La soumission ou une malédiction. À partir de ce mercredi, un marabout est jugé par la cour criminelle de Seine-Saint-Denis dans un dossier où se confondent pratiques rituelles et prédation sexuelle. L’homme est notamment accusé d’avoir abusé de son statut religieux pour violer sept femmes. Ali S., 34 ans, est également poursuivi pour une agression sexuelle et une tentative de viol sur deux autres femmes, entre 2018 et 2020. La justice lui reproche par ailleurs d’avoir escroqué ses victimes, toutes originaires d’Afrique de l’Ouest, de milliers d’euros.

Ces dernières voulaient soulager un pied douloureux, lever un obstacle à un mariage, tomber enceinte ou remettre un enfant dans le droit chemin. Elles ont été harcelées, menacées, pour aboutir, dans un climat de peur, dans la chambre d’un hôtel miteux de Montreuil (Seine-Saint-Denis).

Il lui a assuré que le « diable » était à ses trousses

« Nos clientes sont très marquées par ce dossier très particulier. Pour elles, le chemin pour en arriver jusqu’au procès fut difficile, tant du fait de la nature extrêmement dure des faits que d’un accès difficile au droit pour certaines victimes », ont déclaré conjointement Mes Seydi Ba, Diala Al-Shaman et Julien Lefébure, avocats de plusieurs parties civiles.

L’affaire commence en octobre 2020 lorsqu’une femme porte plainte pour viol et extorsion au commissariat du 20e arrondissement de Paris contre ce Malien qui l’a abordée dans la rue quelques jours auparavant. S’étant présenté comme un marabout, il lui a assuré que le « diable » était à ses trousses.

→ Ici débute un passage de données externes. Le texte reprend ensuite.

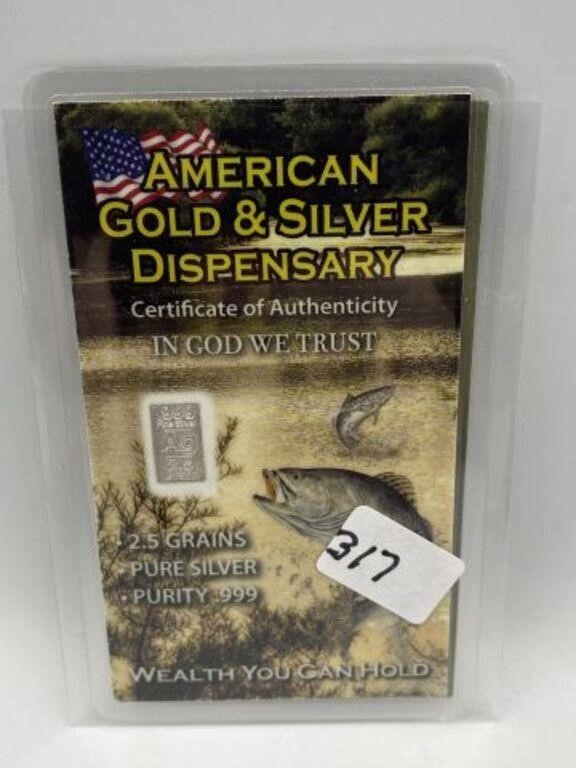 PURE ***SILVER *** BARS CERTIFIED FISH  2 PCS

Après avoir refusé de recourir à ses services, elle cède face à ses menaces téléphoniques insistantes d’une malédiction amenée à s’abattre sur ses enfants. Par deux fois, elle lui remet de l’argent et lui demande de ne plus prendre contact avec elle. Pourtant le harcèlement et les demandes d’argent se poursuivent. La femme finit par accepter un rendez-vous à Montreuil, base de la diaspora malienne en France.

Appels et images de scènes vaudoues

Selon le récit de la victime, l’homme l’entraîne dans une chambre d’hôtel et demande à pratiquer sur elle un « maraboutage ». Elle refuse. Il la force et la viole, avant de s’en aller. Les jours qui suivent, la femme reçoit sur son téléphone un flux incessant d’appels et d’images de scènes vaudoues, accompagnées de nouvelles demandes d’argent. Sollicitée, la police interpelle le suspect.

En poussant leurs recherches, les enquêteurs découvrent que l’homme est surnommé le « marabout violeur » par certaines femmes de la communauté ouest-africaine et suspecté d’avoir recouru au même mode opératoire sur de multiples victimes. Certaines des femmes concernées ont été directement abordées dans la rue par le mis en cause, qui dit avoir fui le Mali en 2014 suite à l’assassinat de son père par des jihadistes. D’autres sont venues d’elles-mêmes à lui pour solliciter ses pouvoirs rituels.

« Ces femmes complotent contre moi »

Le marabout a abreuvé nombre d’entre elles de messages WhatsApp alternant images pornographiques et photos d’objets vaudous (pattes de poulets, clous, bougies, couteaux…), instrumentalisant leurs croyances pour les plier à ses injonctions pécuniaires et sexuelles. Durant l’instruction, Ali S. a estimé que les plaignantes s’étaient entendues contre lui : « Tout ça c’est de la politique, ces femmes complotent contre moi », a-t-il déclaré au juge d’instruction. Il encourt 15 ans de réclusion criminelle.

Contactée par l’AFP, sa défense n’a pas souhaité s’exprimer avant l’audience, prévue jusqu’au 10 mai.